Nowa domena „Hila”

Zachowuje spokój na boisku, nie stresuje się nadchodzącą maturą, a z komentarza do meczu z pawłowickim Pniówkiem emanują wyważone opinie - rozmawiamy z Damianem Hilbrychtem.

Obraz meczu z Pniówkiem – tradycyjny rzec można – trudne i zacięte spotkanie, ale można było odnieść wrażenie, że gol stracony pod koniec pierwszej połowy na długo podciął wam skrzydła…

- Podyktowany rzut karny w takim momencie, pod koniec pierwszej części zawsze podcina skrzydła. To było bolesne, tym bardziej że przy całej akcji zakończonej „jedenastką” Pniówek chyba po raz pierwszy w tej połowie zagroził naszej bramce. Do tego momentu to my kontrolowaliśmy przebieg meczu. W szatni padło sporo cierpkich słów, więc wyszliśmy na drugą część mocno zmotywowani, co według mnie był widoczne na boisku. Niestety brakowało trochę płynności po naszej stronie, a zwłaszcza pomyślunku pod polem karnym rywali. Tam kończyły się praktycznie wszystkie nasze akcje.
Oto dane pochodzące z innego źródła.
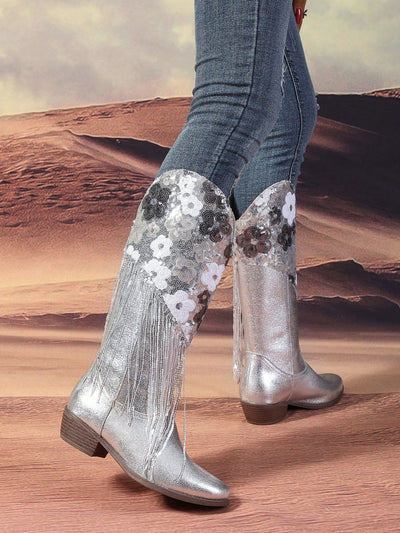 Sleek and Chic: Women's Silver Floral Sequin Tassel Trim Knight Boots for Fall/Winter Fashion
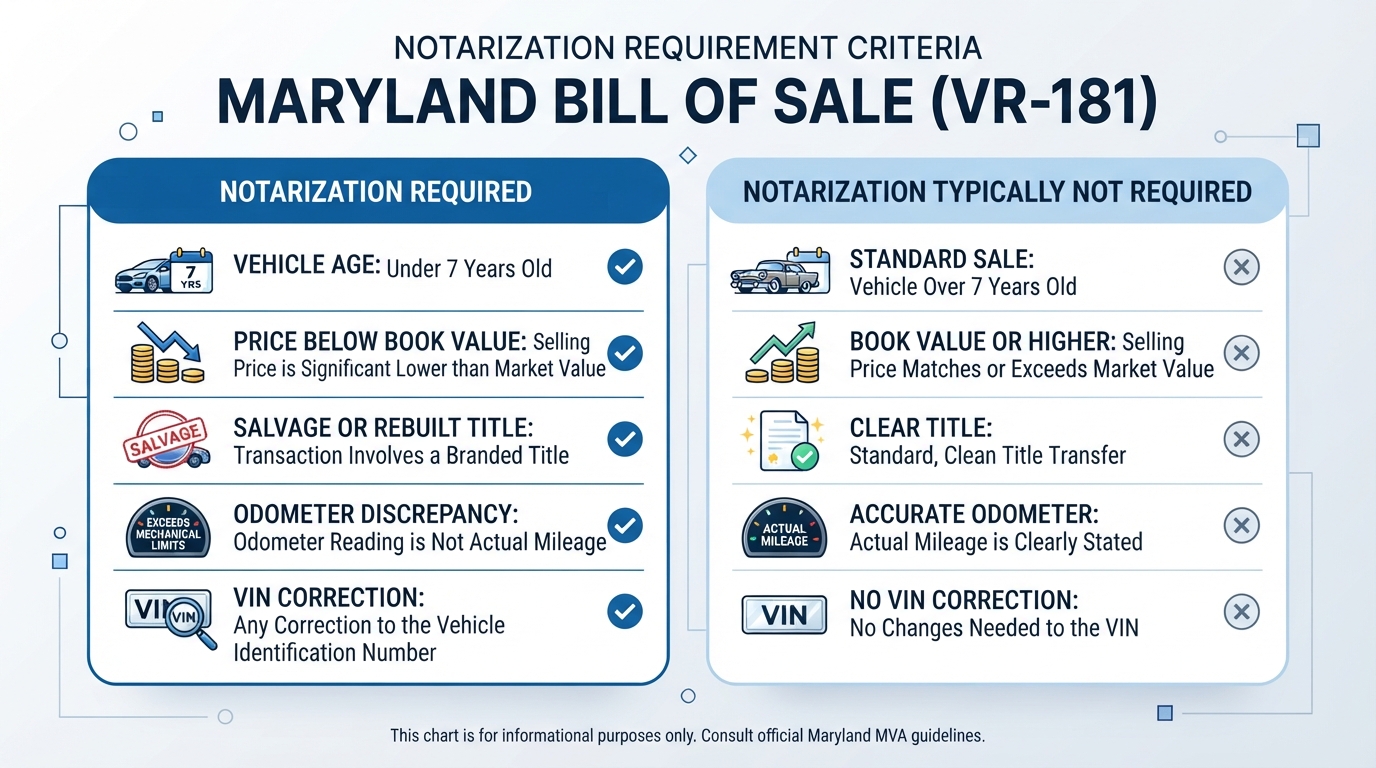 A comparison chart showing when notarization is required for Maryland Form VR-181.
Taka subiektywna obserwacja z boku – byłeś „królem przechwytów” w tym meczu.

- Tak naprawdę, to też miałem takie odczucia. To chyba pierwszy taki mój mecz, w którym tyle razy przejąłem piłkę w środku pola. Ostatnio jakoś lepiej mi się gra w roli takiego wycofanego, wręcz defensywnego pomocnika. Lubię to, podoba mi się – przejąć piłkę i zaadresować ją długim podaniem do któregoś z kolegów.

Szybki „reset” i w środę pucharowa, derbowa konfrontacja z BKS-em, jaki zakładasz scenariusz tej potyczki?

- Podobny, a może nawet taki sam, jak w niedawnym meczu ligowym (zakończonym remisem 0:0 – przyp. TP). Podobieństw jest sporo, obie drużyny będą chciały wygrać ten finał, obie lubią operować piłką i narzucać swój styl. Pewne jest, że będzie to wyrównany mecz. Postaramy się przechylić szalę wygranej na swoją stronę, wygrać to spotkanie. Nie sądzę, żeby na zwycięzcę czekali w dalszej rywalizacji na Śląsku trudniejsi rywale.

Końcowe pytanie pozasportowe – jak przebiegają przygotowania do matury?

- Bardzo powoli i spokojnie. Trochę powtarzam sobie niezbędny materiał, chodzę jeszcze do szkoły na ostatnie szlify wiedzy. Ale generalnie – nie stresuję się. Plan mam prosty – dobrze napisać maturę, potem wakacyjny „święty spokój”, a później studia, najchętniej na Uniwersytecie Ekonomicznym w Katowicach. W razie czego mam także przygotowany „plan B” związany w katowicką AWF.